# Will an Oppo 103 play FLAC from a USB connected Hard Drive?



## XEagleDriver (Apr 15, 2010)

Question in the title.

BACKGROUND: 
I have a back up of my music collection (in both FLAC & 320bps mp3) on an external Seagate 1TB HD (USB 3.0). 

On a whim I connected it to a ~2yr old Samsung BD-C5500 BluRay player USB input. The Samsung C5500 sees all the HD folders and plays the mp3 files, but not the FLAC files. 

Relatively easy menu/navigation of the folders, it is nice to have the albums/songs on the HT screen, and it sounds pretty good, but a little constrained compared to CD/SACD.

An older Oppo 980H performing SACD duty for the HT does not recognize a HD of that size/type.

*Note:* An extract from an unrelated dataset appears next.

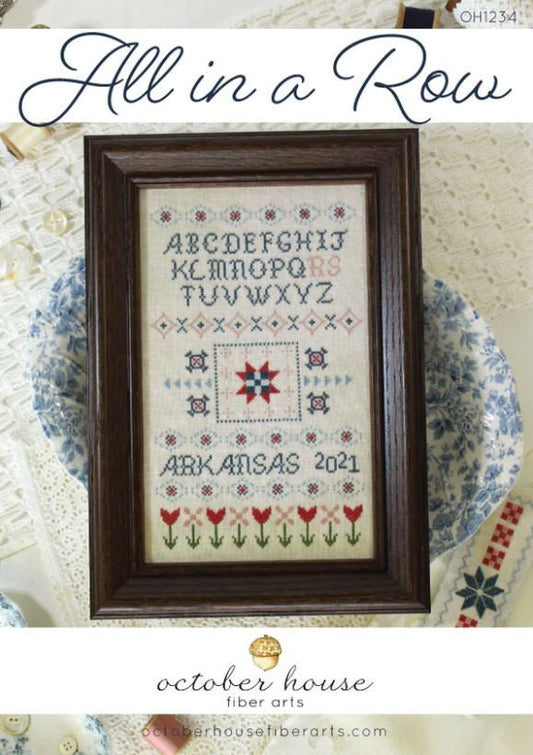 All in a Row October House Fiber Arts Cross Stitch Pattern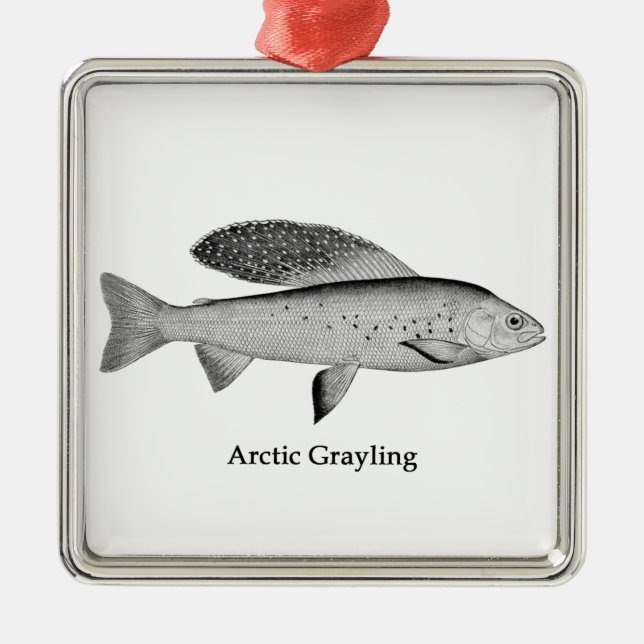 Arktische Grayling-Logo (Line Art) Ornament Aus Metall (Vorne)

This led to an upgrade idea of an getting an Oppo 103 for the HT if it can play FLAC from the HD and then redistribute the C5500 and 980H to other places in the house.

Did not find this ? addressed on the Oppo website.

Thanks,
XEagleDriver


----------



## natescriven (Jan 12, 2011)

The Oppo will play FLAC. Is your hard drive externally powered? That usually helps. I'm using my Denon receiver for FLAC playback (up to 24/96) and love it. It can be played and easily controlled on zone 2 as well. Another option for you would be to leave the files on a computer and play the files over the network.


----------



## Almadacr (May 5, 2011)

Do you have a receiver with USB or it's just the BD player connected to the TV ?


----------



## natescriven (Jan 12, 2011)

Almadacr said:


> Do you have a receiver with USB or it's just the BD player connected to the TV ?


 If you're replying to my post, then I have a receiver with USB. Its a Denon 991. The only complaints I have is the lack of gapless playback and the interface is barebones.


----------



## XEagleDriver (Apr 15, 2010)

The HD is USB powered (no wall wart). 
The Samsung bluray is connected to a Denon 988 (simlar to more common AVR-2808) and does not have USB.
The Samsung interface is actually pretty good, I do not know how it compares to Denon's.

Thanks,
XEagleDriver


----------



## Almadacr (May 5, 2011)

natescriven said:


> If you're replying to my post, then I have a receiver with USB. Its a Denon 991. The only complaints I have is the lack of gapless playback and the interface is barebones.


It was to the OP :T



XEagleDriver said:


> The HD is USB powered (no wall wart).
> The Samsung bluray is connected to a Denon 988 (simlar to more common AVR-2808) and does not have USB.
> The Samsung interface is actually pretty good, I do not know how it compares to Denon's.
> 
> ...


Did you consider to ad a small pc and run it from there , since you will have everything plus you can chose the software of your choice , paid or free ? You can run it analogue or digital .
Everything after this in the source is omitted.